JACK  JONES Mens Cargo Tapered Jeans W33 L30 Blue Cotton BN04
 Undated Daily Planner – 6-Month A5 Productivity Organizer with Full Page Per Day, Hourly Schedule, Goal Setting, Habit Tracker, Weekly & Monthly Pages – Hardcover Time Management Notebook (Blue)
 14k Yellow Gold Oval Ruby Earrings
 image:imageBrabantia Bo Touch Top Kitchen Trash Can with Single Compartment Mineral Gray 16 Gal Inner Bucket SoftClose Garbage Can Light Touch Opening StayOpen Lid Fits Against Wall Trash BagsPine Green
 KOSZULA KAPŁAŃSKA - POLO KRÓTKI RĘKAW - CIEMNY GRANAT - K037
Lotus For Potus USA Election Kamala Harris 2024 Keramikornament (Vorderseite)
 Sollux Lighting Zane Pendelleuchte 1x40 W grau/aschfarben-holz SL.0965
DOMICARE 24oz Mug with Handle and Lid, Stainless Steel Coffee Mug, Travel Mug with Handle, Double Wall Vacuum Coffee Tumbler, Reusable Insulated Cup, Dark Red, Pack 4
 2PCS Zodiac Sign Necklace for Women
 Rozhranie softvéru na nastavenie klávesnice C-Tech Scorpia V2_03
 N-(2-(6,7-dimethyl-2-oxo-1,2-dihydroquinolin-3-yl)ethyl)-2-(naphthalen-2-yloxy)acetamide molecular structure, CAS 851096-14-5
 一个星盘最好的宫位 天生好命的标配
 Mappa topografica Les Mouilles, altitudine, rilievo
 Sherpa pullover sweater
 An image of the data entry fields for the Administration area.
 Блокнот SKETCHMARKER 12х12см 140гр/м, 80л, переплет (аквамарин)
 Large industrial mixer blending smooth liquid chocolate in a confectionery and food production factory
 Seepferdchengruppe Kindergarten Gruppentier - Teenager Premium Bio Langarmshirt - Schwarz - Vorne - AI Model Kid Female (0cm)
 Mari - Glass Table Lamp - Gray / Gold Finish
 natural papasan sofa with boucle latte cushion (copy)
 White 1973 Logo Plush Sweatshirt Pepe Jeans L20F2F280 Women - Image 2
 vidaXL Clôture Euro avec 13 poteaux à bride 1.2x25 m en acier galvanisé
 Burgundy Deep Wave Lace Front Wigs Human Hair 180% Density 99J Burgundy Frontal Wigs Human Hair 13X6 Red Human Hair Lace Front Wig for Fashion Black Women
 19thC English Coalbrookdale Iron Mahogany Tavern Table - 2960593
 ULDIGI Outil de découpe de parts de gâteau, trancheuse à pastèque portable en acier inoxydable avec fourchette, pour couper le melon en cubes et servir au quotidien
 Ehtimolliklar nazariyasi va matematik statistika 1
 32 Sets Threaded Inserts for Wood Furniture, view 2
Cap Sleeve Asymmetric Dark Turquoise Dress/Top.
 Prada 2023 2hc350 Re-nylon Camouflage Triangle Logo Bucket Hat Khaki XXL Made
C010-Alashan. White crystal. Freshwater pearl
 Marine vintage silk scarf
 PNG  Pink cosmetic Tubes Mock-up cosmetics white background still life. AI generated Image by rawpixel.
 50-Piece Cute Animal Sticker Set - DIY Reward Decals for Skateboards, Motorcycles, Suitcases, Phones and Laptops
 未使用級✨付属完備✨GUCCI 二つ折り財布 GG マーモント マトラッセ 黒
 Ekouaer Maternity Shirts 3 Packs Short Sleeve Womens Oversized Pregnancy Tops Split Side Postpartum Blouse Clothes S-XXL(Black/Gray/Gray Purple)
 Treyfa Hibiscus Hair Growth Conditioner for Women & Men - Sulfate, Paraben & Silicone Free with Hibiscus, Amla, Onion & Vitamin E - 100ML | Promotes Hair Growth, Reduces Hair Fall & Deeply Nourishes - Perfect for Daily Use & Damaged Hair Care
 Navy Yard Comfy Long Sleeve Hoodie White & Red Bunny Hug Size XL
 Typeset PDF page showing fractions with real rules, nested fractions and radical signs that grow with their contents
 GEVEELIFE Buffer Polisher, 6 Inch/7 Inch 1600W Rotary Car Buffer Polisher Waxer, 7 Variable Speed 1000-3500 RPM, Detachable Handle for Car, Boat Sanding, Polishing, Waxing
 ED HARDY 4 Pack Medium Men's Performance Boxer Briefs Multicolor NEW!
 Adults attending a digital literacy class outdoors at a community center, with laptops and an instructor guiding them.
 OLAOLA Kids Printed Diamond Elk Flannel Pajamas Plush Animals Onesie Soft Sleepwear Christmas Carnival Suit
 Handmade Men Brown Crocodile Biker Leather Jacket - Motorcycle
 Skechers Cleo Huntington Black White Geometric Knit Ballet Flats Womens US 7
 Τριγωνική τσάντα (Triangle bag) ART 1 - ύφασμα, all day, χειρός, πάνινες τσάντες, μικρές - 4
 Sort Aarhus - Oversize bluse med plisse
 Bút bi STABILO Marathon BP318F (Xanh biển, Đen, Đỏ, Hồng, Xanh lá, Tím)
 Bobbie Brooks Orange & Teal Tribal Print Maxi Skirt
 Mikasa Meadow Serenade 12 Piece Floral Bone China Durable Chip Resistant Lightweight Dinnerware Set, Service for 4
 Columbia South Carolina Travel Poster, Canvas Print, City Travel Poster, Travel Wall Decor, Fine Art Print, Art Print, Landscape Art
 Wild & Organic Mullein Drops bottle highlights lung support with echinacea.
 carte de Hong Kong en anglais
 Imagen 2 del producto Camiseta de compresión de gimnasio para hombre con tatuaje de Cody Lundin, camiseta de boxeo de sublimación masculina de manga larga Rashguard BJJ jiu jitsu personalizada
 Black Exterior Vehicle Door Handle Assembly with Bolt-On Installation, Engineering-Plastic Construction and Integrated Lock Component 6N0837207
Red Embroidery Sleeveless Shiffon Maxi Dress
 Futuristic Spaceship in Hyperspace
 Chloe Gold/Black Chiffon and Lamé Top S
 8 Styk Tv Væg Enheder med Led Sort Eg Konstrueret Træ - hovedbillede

#### Aim of the task:
In the records above, find the lines holding "Maxi". Copy each one.

#### Expected answer:
 Bobbie Brooks Orange & Teal Tribal Print Maxi Skirt
Red Embroidery Sleeveless Shiffon Maxi Dress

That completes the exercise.